In the entries that follow, the lines from the line containing "دکتر متخصص غربال گری در آپادانا" up to and including the line containing "衣藻鞭毛中荧光蛋白转移的TIRF成像" must be copied exactly, with pictures omitted.

Data extract:
■ ■ ■ ■
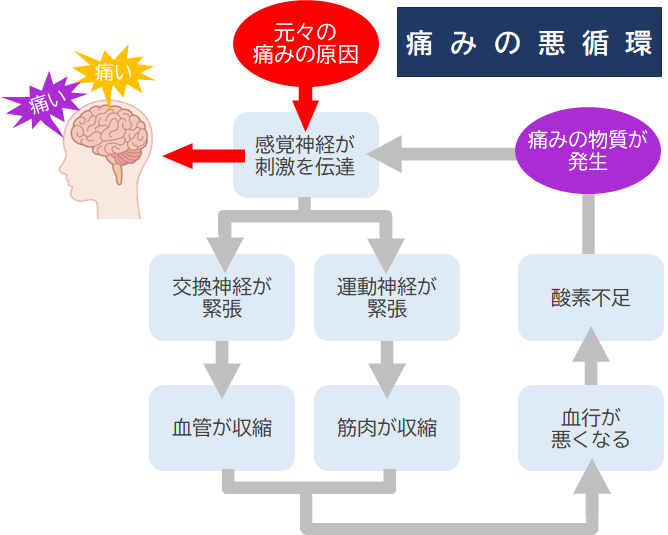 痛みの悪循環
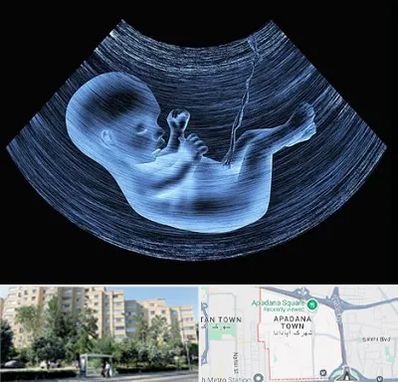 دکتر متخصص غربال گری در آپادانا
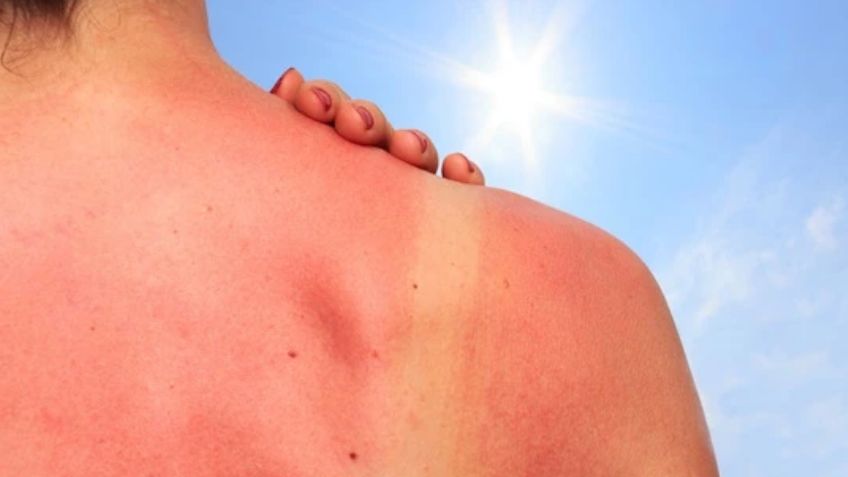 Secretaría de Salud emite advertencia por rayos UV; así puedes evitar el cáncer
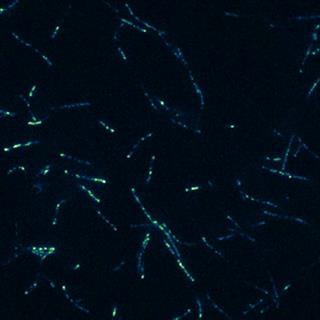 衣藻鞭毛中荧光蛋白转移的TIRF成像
■ ■ ■ ■
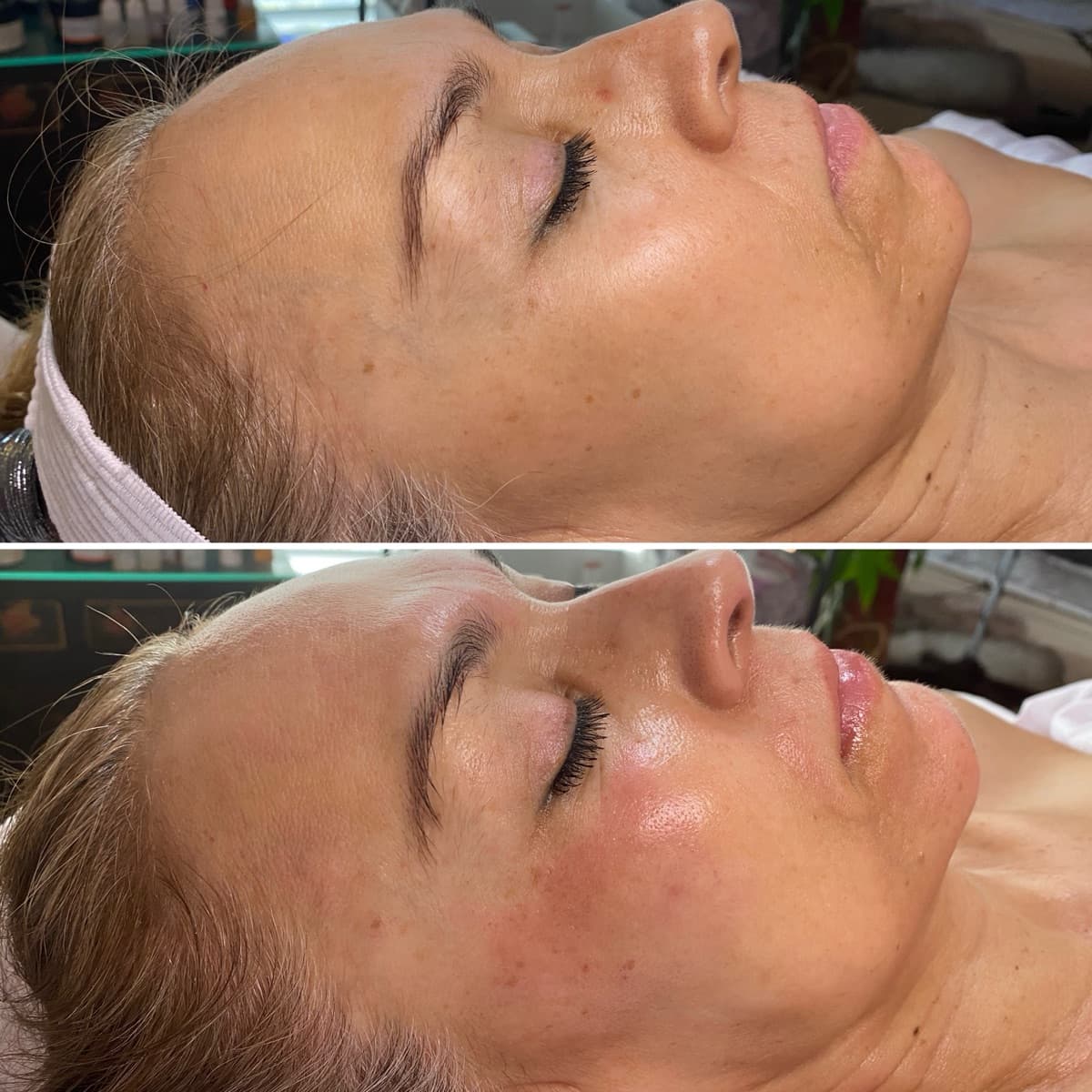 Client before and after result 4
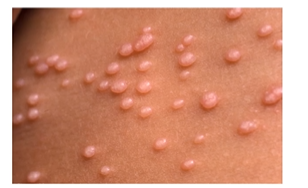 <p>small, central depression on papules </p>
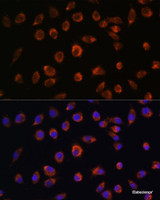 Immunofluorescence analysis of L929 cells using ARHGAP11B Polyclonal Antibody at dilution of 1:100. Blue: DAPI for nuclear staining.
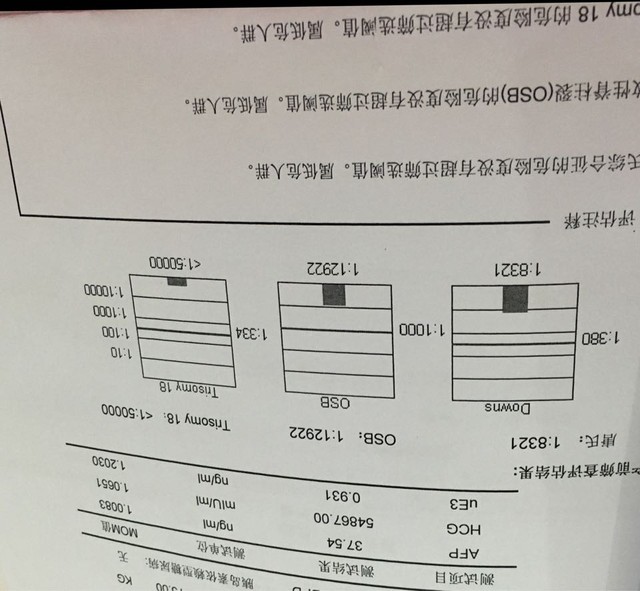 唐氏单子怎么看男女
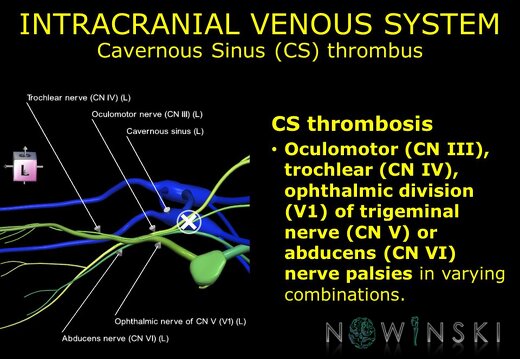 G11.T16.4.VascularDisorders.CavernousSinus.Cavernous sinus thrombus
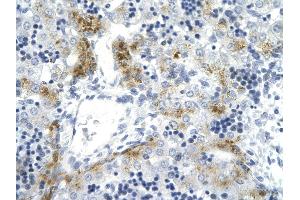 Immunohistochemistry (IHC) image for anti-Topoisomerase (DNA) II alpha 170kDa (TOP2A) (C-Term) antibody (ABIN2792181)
■ ■ ■ ■
Task answer:
 دکتر متخصص غربال گری در آپادانا
 Secretaría de Salud emite advertencia por rayos UV; así puedes evitar el cáncer
 衣藻鞭毛中荧光蛋白转移的TIRF成像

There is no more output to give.